The image of a 4x4 land cruiser with the saviours handing out charity goods to the poor public. The image of those cars will never be the same again having lived in a few parts of this vast continent. All that those white 4x4s with their bullet proof windows represent is an unfortunate side of humanity one can only understand by seeing firsthand the destruction they cause & the spiral effect of mental instability.
Something very wrong took place a very, very long time ago. The reality of some people coming out of it is unfortunately a very bleak one, so I refuse to apologise for not partaking in your sugar coating, supposed righteous image of a ruined continent. One day we will both go back into the earth your opinion is worth nought but dust. So unless you hold the key to REAL change in life don't come at me with talks of charity, I'm over and off that train.

Saturday 18 July 2015

My Old home

My old home was a place of beauty, a place where they sat around the campfire by the old tree and mastered the art of spoken word. Men so eloquently, flawlessly & oh so seductively moved the masses with their words. The women, by god the women, were true lionesses with grace that put the gazelles to shame. The beat of their drum had their men move the pyramids.
My old home was a place of strength, the fathers were hunters & camel herders and their children were the apprentices. The mothers built and managed their homes with the grounding of mountains, the immense power of the oceans with the warmth of the gentle evening breeze. They were Mother Earth in human form.
My old home was a place of immense riches. We traded in textiles, livestock, frankincense & myrrh, mother of pearl. The world was our oyster.
My old home was a place the nomads called home. It was the place where they followed the elements, they were one with nature.
My old home was a place i longed to go to for a long time.

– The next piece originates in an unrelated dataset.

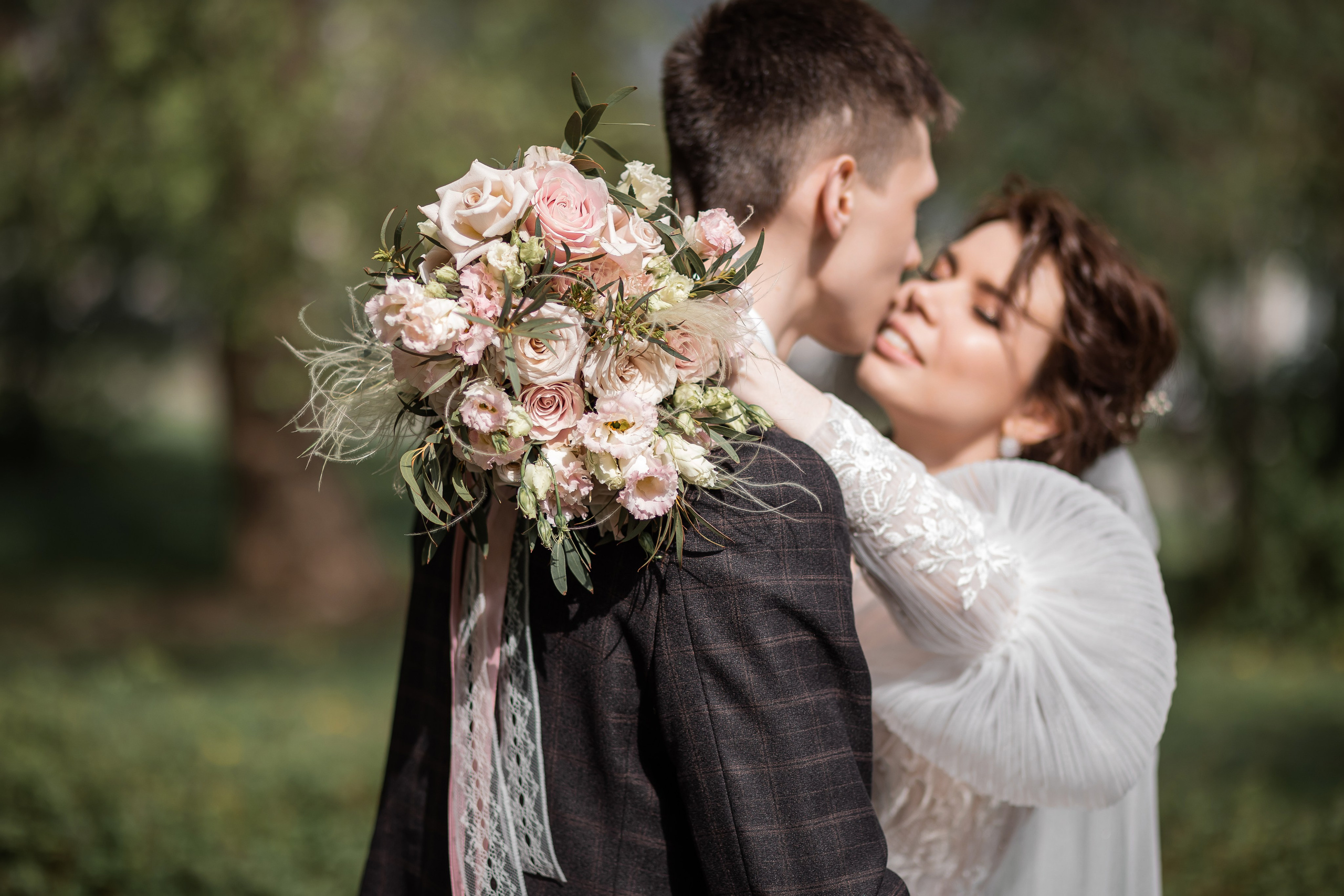 Свадьба Анастасии и Максима. Свадебный фотограф Татьяна Фот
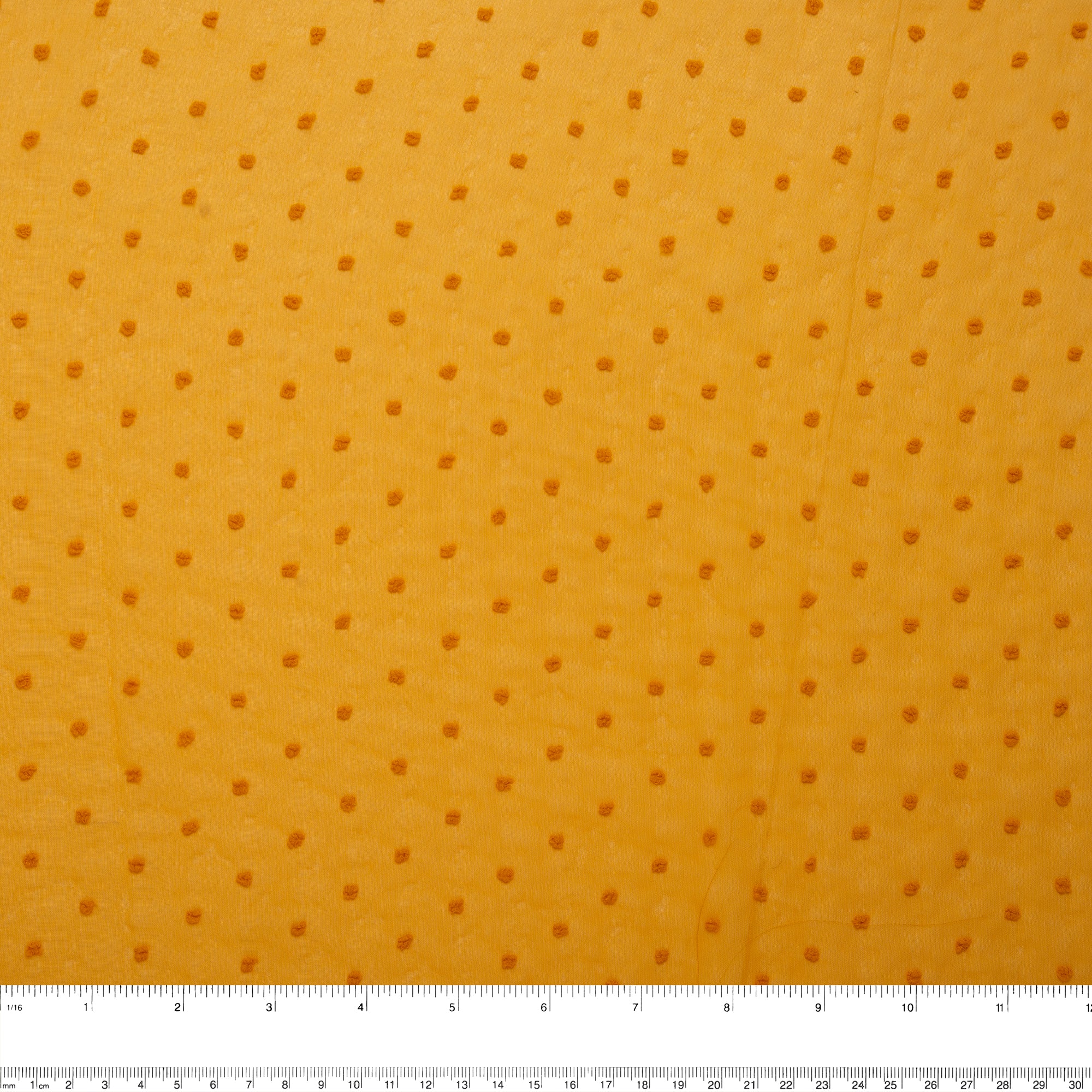 Printed polyester - OLIVIA - Stitch - Sunflower - Image 3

True to my ancestors i followed the winds back to its golden sands, the mesmerising & never ending coastline.

My old home is no longer where the noble nomad souls dwell anymore. The captivating and ever seductive smells of frankincense & myrrh have been replaced by diesel fumes & burning coal. My old home has been burned down, stripped, spat on, silenced & crippled.
My old home is a graveyard, a place where even the dead aren't left alone to rest in peace.
The big old tree that was once the gathering grounds for friends has turned to ashes. Instead of hearing sweet compilations of the poems i hear the echoes of a mothers tears, a daughters faint whisper & see a fathers ghost floating helplessly causing havoc. The son is all thats left, he's a vampire. The vampire that slit his fathers throat for a fix, stole the clothes off his sisters back to clean up the mess he made blaming her for his crimes, fore her cloth carries their family blood.
His children don't know that once upon a time their people were great warriors & lovers. All they know is when the sun sets they must feed.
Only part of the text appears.